WARNING!
Cerita ini mengandung unsur semacam kekerasan, omongan kasar, dan beberapa hal buruk yang tidak pantas ditiru.
Semua tokoh, ras, agama, latar, hanya fiktif belakang.
Ambil sisi baiknya dan buang sisi buruknya.
Selamat membaca!!
“Hidup tanpa masalah itu bagai sayur tanpa garam. Hidup penuh masalah itu bagai sayur kebanyakan garam.”
-Althaf-
Keluarga Atlas memang bisa membawa ketenangan tersendiri, Fat juga merasakan itu sekarang. Dia ikut bergabung untuk sarapan bersama, Fat merasa seperti memiliki keluarga baru saat ini.Dia juga menemukan sosok Althaf yang jika di rumah sangat manja pada Mamahnya. Gak tau aja si Fat kalo dulu Althaf gimana pas belom tobat.

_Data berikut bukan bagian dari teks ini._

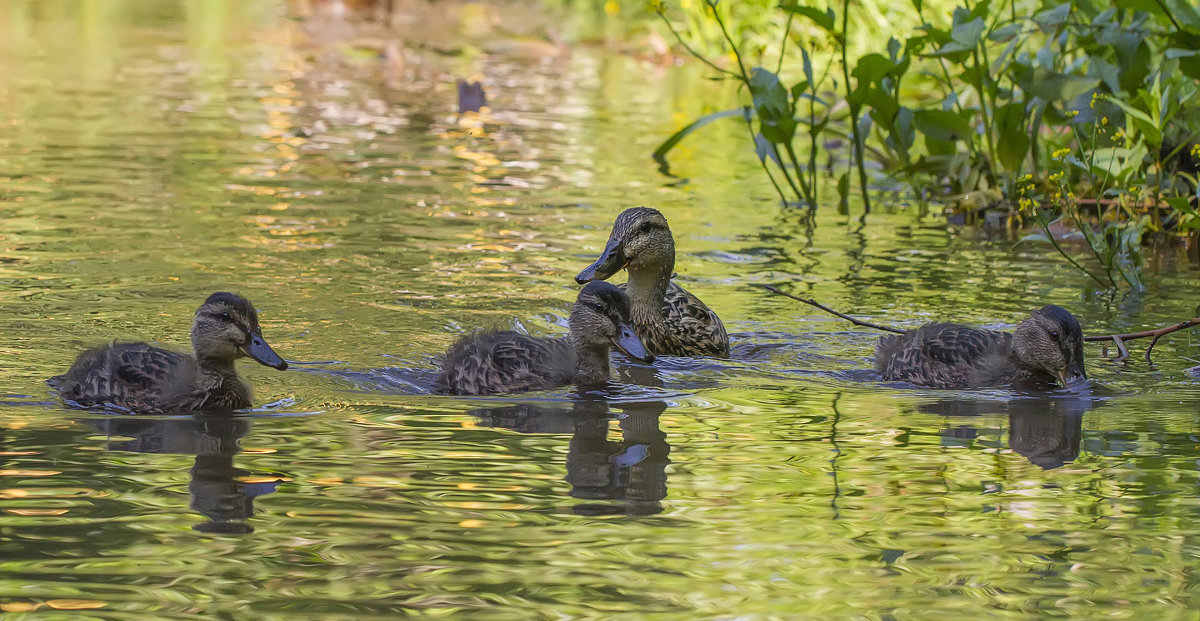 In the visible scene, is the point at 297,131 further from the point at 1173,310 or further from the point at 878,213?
the point at 1173,310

Fat tidak pernah merasakan kehangatan keluarga tapi saat ini dia bisa merasakannya meski bukan dari keluarganya sendiri.
Alfan menggeser segelas susu cokelat ke dekat piring Fat. Fat langsung menatap Alfan.

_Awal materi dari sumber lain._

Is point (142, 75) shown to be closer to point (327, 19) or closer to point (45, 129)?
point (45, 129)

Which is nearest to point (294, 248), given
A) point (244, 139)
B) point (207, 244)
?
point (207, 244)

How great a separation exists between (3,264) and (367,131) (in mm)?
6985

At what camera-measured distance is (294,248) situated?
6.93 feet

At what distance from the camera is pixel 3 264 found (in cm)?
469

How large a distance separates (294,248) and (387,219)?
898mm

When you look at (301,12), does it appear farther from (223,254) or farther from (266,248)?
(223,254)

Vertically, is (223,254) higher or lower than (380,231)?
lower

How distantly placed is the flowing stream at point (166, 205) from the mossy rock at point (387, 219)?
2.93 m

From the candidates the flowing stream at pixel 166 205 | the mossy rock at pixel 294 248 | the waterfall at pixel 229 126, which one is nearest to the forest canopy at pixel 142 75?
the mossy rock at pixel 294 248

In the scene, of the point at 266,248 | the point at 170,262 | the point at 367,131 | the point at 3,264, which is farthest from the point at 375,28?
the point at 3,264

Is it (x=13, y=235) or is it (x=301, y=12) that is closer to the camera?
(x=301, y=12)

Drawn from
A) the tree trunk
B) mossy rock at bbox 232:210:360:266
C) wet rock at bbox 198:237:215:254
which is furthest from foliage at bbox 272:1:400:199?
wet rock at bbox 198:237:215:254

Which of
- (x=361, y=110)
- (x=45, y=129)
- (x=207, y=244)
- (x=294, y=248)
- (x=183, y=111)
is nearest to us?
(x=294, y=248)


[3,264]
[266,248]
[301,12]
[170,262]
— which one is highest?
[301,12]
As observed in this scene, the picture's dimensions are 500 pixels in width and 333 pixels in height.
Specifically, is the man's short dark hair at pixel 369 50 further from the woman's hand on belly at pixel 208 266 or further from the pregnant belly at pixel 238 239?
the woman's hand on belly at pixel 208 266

Alfan tersenyum manis. "Punya kamu."
Fat membalas senyuman Alfan. "Terima kasih," balasnya sopan. Lewat Alfan, Fat juga bisa melihat bagaimana caranya bersyukur saat memiliki kekurangan dan bagaimana menganggap kekurangan itu menjadi kelebihan.
"Eh Fat." panggil Althaf. Fat kini beralih menatap Alfan.
"Dengerin gue ya." jeda sekian detik, Althaf juga menatap satu persatu anggota keluarganya.
"Hidup itu berjalan berdampingan dengan masalah, jadi jalani aja masalah yang lagi nempel sama lo. Terus nih ya gak apa-apa banget kalo lo ngerasa kecewa, ngerasa dunia gak adil sama lo. Gak apa-apa, namanya juga manusia, sesekali boleh ngerasain kayak gitu—"
"Tapi harus tetap bersyukur sama semuanya," sela Altan yang langsung mendapat tatapan tajam dari Althaf karena menyela pembicaraannya.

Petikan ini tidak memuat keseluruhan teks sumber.